→ YOUR TASK:
Every picture is to be removed, and all the data is to be copied exactly.

→ Short descriptive text snippets:
↓

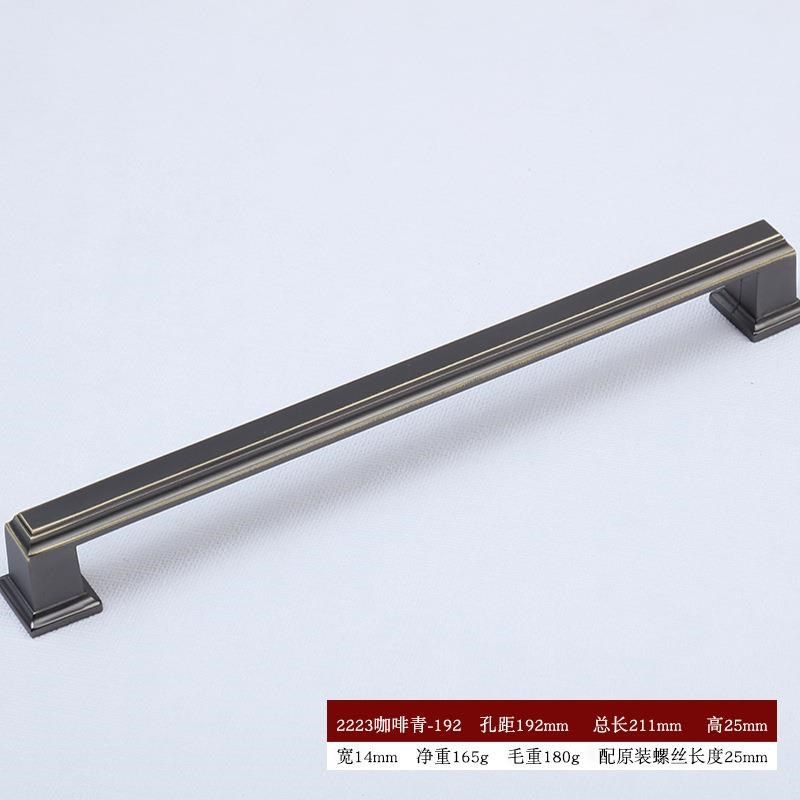 锌合金长条黑拉手现代简约橱柜衣柜门大拉手实心加厚抽屉家具把手,童装/婴儿装/亲子装,儿童装饰手表,淘宝优惠券,粉丝福利购,淘宝优惠卷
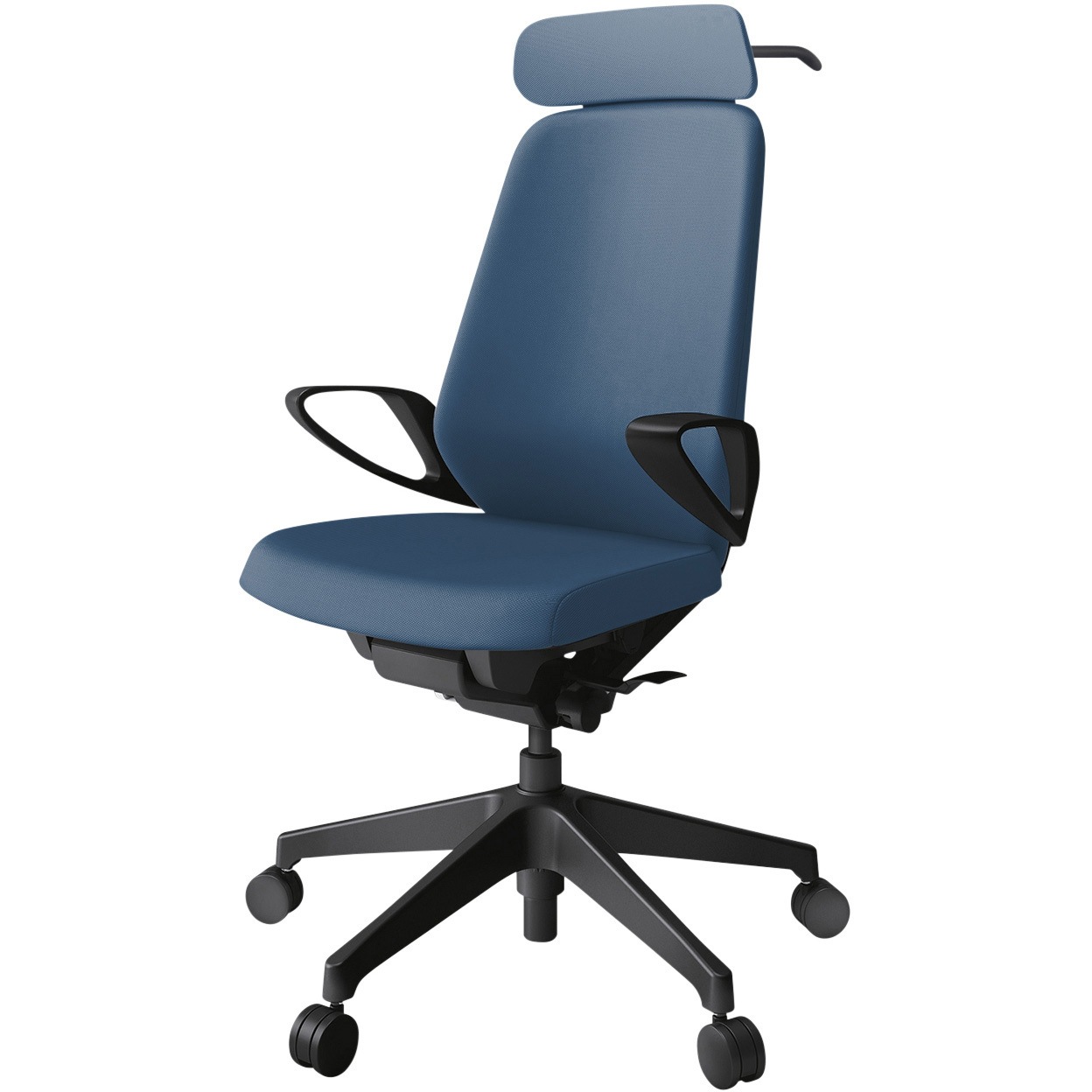 KJ-116PVX-T1N3 ノートチェア エクストラハイバック 固定肘 ハンガー ランバーサポート付 クロスPV ナイロンキャスター<配送時組立サービス付> 1台 イトーキ 【通販モノタロウ】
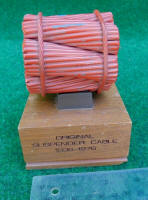 San Francisco's Golden Gate Bridge Strands of History Suspender Cable Souvenir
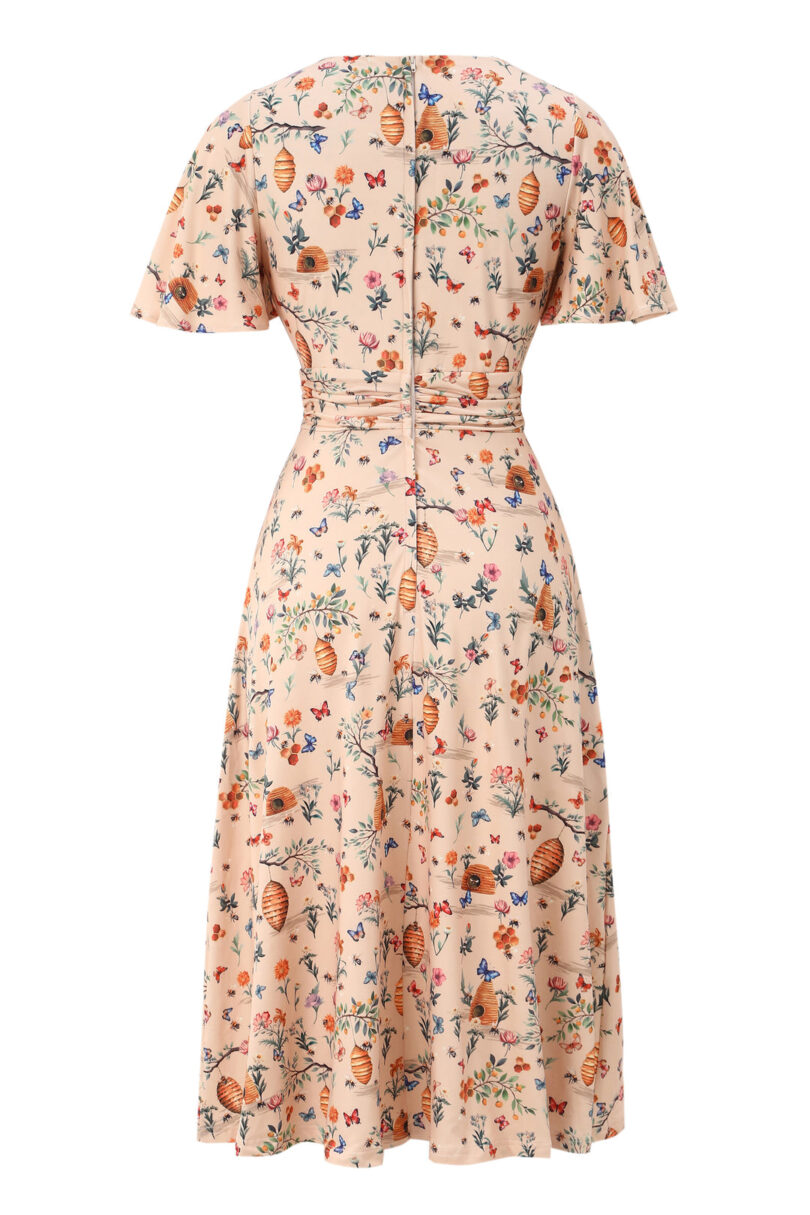 Donna Bee Honey Casual Dress In Cream White  Shop now at Kitty Darling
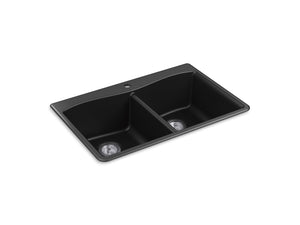 KOHLER K-8185-1 Kennon 33" top-/undermount double-bowl kitchen sink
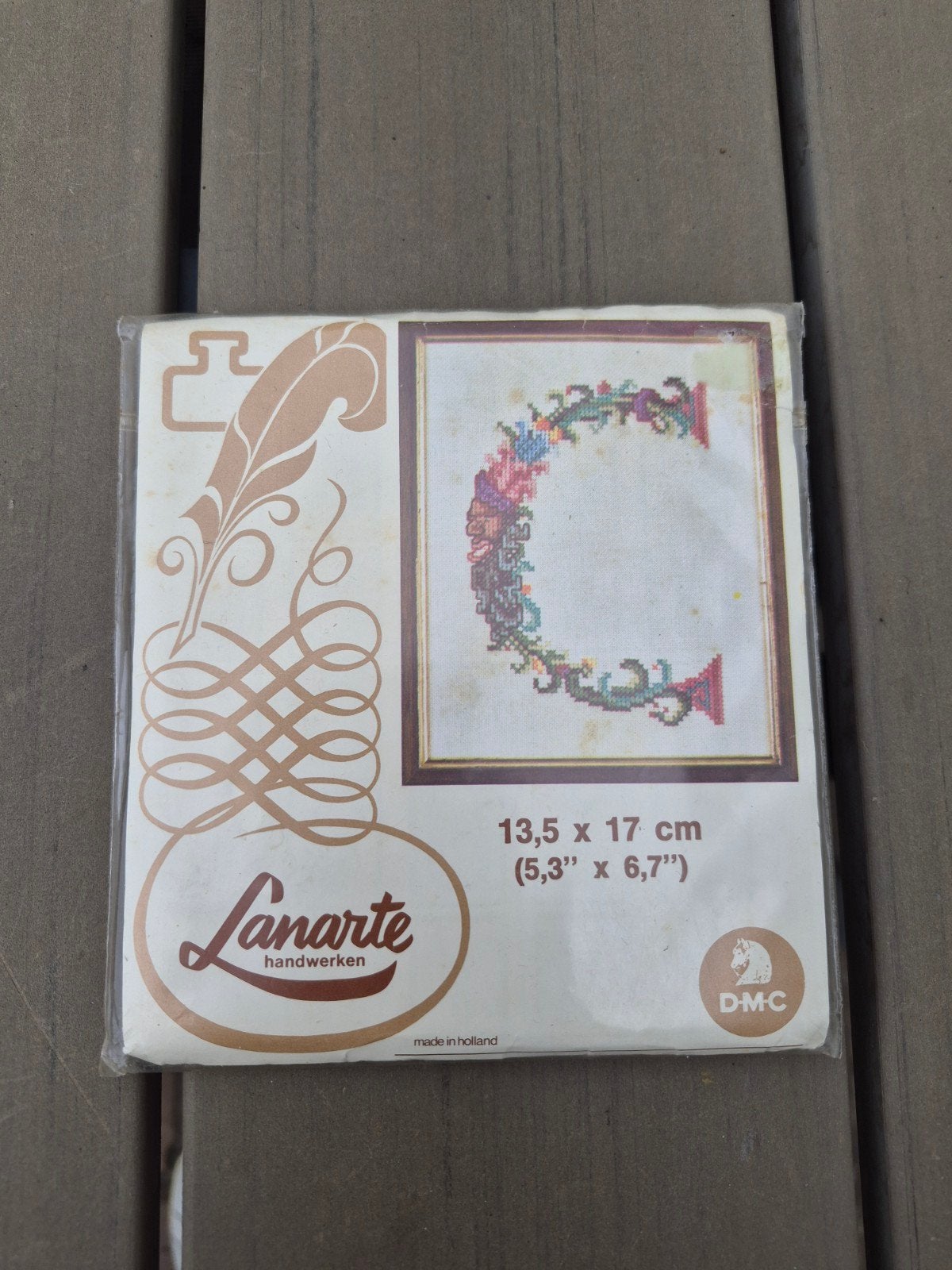 Lanarte borduursetje letter, Ophalen of Verzenden, Nieuw, Borduurpakket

↑

→ ANSWER SPACE:
 锌合金长条黑拉手现代简约橱柜衣柜门大拉手实心加厚抽屉家具把手,童装/婴儿装/亲子装,儿童装饰手表,淘宝优惠券,粉丝福利购,淘宝优惠卷
 KJ-116PVX-T1N3 ノートチェア エクストラハイバック 固定肘 ハンガー ランバーサポート付 クロスPV ナイロンキャスター<配送時組立サービス付> 1台 イトーキ 【通販モノタロウ】
 San Francisco's Golden Gate Bridge Strands of History Suspender Cable Souvenir
 Donna Bee Honey Casual Dress In Cream White  Shop now at Kitty Darling
 KOHLER K-8185-1 Kennon 33" top-/undermount double-bowl kitchen sink
 Lanarte borduursetje letter, Ophalen of Verzenden, Nieuw, Borduurpakket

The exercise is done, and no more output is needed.